* To do: Give back all of the data exactly, with every picture omitted.
=== Materials provided ===
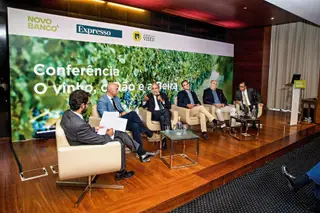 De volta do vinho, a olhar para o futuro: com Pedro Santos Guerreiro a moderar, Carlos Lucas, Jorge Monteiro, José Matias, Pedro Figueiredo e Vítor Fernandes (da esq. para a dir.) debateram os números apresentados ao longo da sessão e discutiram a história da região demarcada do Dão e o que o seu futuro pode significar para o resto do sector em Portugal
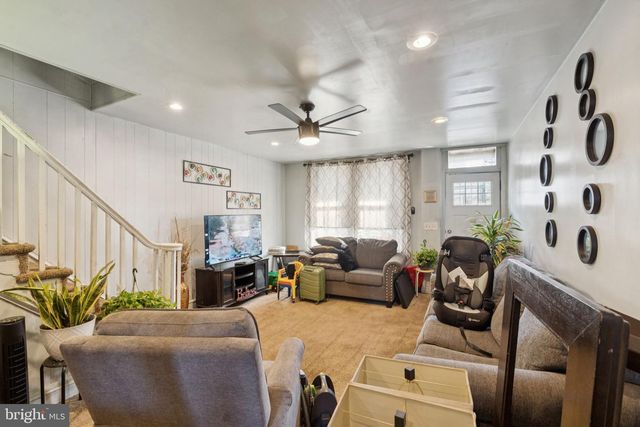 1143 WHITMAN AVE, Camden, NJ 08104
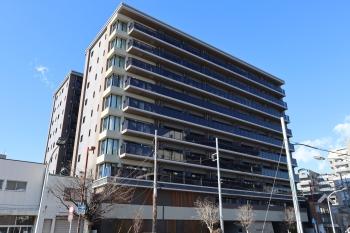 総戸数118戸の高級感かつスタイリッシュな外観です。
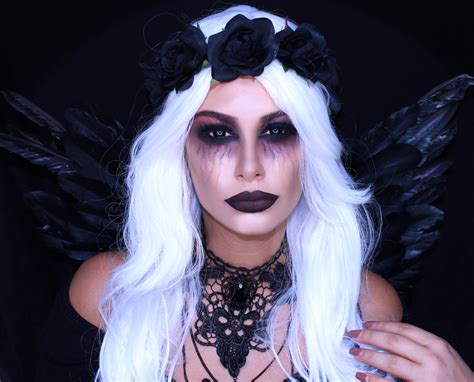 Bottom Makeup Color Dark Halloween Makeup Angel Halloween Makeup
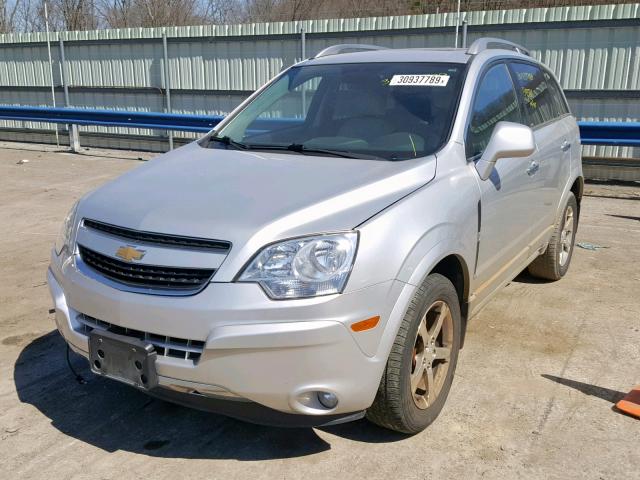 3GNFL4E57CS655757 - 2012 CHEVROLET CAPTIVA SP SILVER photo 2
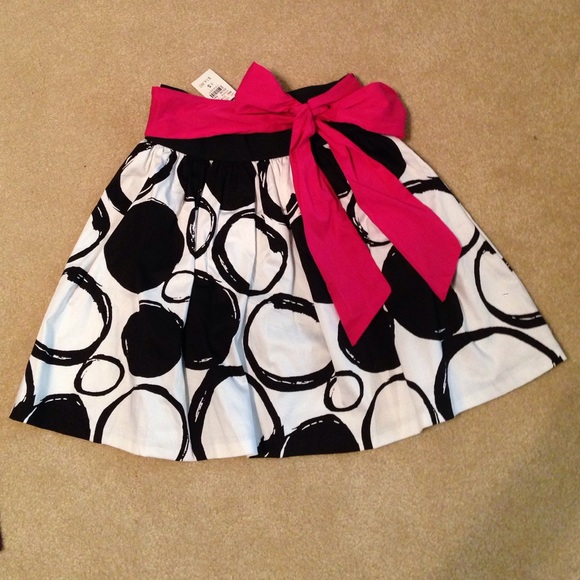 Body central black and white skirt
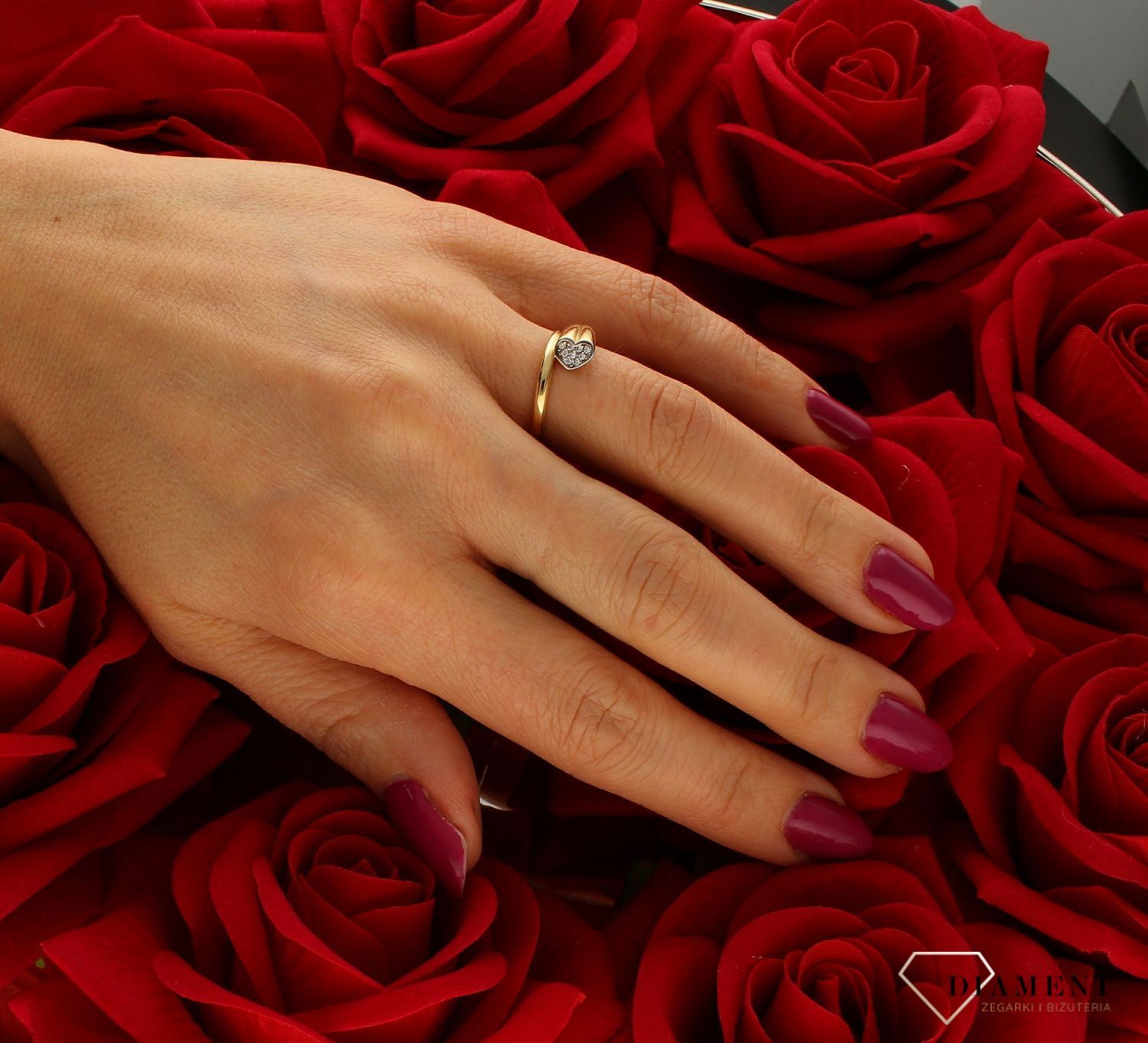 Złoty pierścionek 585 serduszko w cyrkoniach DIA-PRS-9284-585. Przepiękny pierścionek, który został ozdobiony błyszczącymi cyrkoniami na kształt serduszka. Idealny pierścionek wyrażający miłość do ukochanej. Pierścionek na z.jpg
===
* Problem solution:
 De volta do vinho, a olhar para o futuro: com Pedro Santos Guerreiro a moderar, Carlos Lucas, Jorge Monteiro, José Matias, Pedro Figueiredo e Vítor Fernandes (da esq. para a dir.) debateram os números apresentados ao longo da sessão e discutiram a história da região demarcada do Dão e o que o seu futuro pode significar para o resto do sector em Portugal
 1143 WHITMAN AVE, Camden, NJ 08104
 総戸数118戸の高級感かつスタイリッシュな外観です。
 Bottom Makeup Color Dark Halloween Makeup Angel Halloween Makeup
 3GNFL4E57CS655757 - 2012 CHEVROLET CAPTIVA SP SILVER photo 2
 Body central black and white skirt
 Złoty pierścionek 585 serduszko w cyrkoniach DIA-PRS-9284-585. Przepiękny pierścionek, który został ozdobiony błyszczącymi cyrkoniami na kształt serduszka. Idealny pierścionek wyrażający miłość do ukochanej. Pierścionek na z.jpg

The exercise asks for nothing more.